R. Certo, la religione ha un ruolo importante nella vita della gente. Auspichiamo che Gerusalemme possa essere un giorno un centro d’incontro fra le religioni come lo è stata Assisi, o anche che incontri interreligiosi possano svolgersi a Tiro o a Sidone. La Terrasanta è un esempio di come lo stesso luogo possa essere terra d’incontro o anche di scontro. Peraltro, il dialogo non dovrebbe essere principalmente teologico, ma un confronto per risolvere i problemi concreti della zona. Dovrebbe mirare a ricostruire un Libano dove si possa vivere insieme nel rispetto delle rispettive tradizioni religiose. A proposito del dialogo islamo-cristiano in generale, mi piacerebbe peraltro che si potesse dire basta a certe ipocrisie. Non è vero, per esempio, che crediamo nello stesso Dio né che veneriamo la stessa Maria. Il dialogo interreligioso può avanzare solo se parte da quanto abbiamo veramente in comune — il valore della preghiera, dell’elemosina, del digiuno — e non da presunte, ma in realtà inesistenti, convergenze di carattere teologico.
D. Che cosa può fare l’Occidente per aiutare il Libano?
R. La libertà del Libano è legata al problema più generale del Medio Oriente.
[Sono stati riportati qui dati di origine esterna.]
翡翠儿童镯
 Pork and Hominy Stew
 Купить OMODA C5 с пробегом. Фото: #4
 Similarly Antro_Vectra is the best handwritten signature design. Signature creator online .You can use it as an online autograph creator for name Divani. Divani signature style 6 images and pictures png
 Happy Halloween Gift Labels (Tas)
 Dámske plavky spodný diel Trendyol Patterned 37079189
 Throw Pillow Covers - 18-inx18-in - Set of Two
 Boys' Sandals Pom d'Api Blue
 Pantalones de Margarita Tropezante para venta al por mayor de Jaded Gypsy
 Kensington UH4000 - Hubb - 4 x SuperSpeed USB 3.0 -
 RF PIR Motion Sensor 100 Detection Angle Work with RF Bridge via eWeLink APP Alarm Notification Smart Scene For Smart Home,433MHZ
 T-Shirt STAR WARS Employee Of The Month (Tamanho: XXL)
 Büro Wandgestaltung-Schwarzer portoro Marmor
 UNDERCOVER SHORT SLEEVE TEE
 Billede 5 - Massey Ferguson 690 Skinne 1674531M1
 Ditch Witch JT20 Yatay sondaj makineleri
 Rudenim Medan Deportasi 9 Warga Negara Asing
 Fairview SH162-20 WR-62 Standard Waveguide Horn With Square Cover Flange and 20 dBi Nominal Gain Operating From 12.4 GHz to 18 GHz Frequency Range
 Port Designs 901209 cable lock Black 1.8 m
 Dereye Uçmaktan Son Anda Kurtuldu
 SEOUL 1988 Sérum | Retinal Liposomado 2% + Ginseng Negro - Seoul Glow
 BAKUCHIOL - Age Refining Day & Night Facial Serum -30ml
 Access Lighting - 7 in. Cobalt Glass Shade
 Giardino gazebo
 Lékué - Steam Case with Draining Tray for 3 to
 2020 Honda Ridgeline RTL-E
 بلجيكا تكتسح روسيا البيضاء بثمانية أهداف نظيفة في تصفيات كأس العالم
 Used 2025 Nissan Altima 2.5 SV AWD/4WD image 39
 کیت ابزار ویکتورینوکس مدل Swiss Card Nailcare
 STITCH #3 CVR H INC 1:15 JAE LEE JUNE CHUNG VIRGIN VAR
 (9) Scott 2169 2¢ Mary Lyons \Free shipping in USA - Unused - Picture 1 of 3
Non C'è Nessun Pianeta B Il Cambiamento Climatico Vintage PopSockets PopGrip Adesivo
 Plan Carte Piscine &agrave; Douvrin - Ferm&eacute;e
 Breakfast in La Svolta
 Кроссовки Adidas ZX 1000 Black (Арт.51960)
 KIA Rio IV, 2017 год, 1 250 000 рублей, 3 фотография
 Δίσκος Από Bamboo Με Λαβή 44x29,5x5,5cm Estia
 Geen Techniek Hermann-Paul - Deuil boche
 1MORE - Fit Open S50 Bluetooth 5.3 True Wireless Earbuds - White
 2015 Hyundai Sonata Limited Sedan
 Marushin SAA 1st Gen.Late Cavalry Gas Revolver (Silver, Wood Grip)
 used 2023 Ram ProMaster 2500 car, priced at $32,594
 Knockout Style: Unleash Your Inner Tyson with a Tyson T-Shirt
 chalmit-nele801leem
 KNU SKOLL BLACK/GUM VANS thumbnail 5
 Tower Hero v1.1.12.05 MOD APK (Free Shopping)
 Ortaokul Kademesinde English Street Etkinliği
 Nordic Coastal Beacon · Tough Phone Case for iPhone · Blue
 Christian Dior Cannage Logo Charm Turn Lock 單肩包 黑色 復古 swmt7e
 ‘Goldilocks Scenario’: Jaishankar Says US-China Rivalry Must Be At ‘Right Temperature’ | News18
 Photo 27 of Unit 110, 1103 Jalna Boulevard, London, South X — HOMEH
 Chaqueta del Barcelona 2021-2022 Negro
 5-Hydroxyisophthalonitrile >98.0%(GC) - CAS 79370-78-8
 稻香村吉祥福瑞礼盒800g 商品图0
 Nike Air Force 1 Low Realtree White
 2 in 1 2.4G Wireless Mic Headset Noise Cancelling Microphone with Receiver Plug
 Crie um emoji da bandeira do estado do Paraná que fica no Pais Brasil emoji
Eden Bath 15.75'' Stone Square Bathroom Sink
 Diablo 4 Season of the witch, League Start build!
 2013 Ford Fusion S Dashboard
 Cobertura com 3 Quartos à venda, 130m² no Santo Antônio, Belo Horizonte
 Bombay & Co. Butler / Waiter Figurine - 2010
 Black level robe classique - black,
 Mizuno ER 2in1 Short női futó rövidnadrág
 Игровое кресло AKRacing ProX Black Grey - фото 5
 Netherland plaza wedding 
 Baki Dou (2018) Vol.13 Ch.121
Tutti i problemi del Medio Oriente sono collegati: nessuno si risolverà senza che siano risolti gli altri. Ma vi è un’ignoranza crassa della situazione libanese in Occidente. Semplificando il quadro, si ha l’impressione che Israele pianifichi e decida, gli Stati Uniti d’America seguano sistematicamente Israele e l’Unione Europea assista a braccia incrociate, mentre la popolazione libanese è vittima innocente. Cosa possiamo fare? Pregare — la preghiera ha sempre un valore incondizionato e prioritario —, informare l’opinione pubblica, urlare chiedendo giustizia.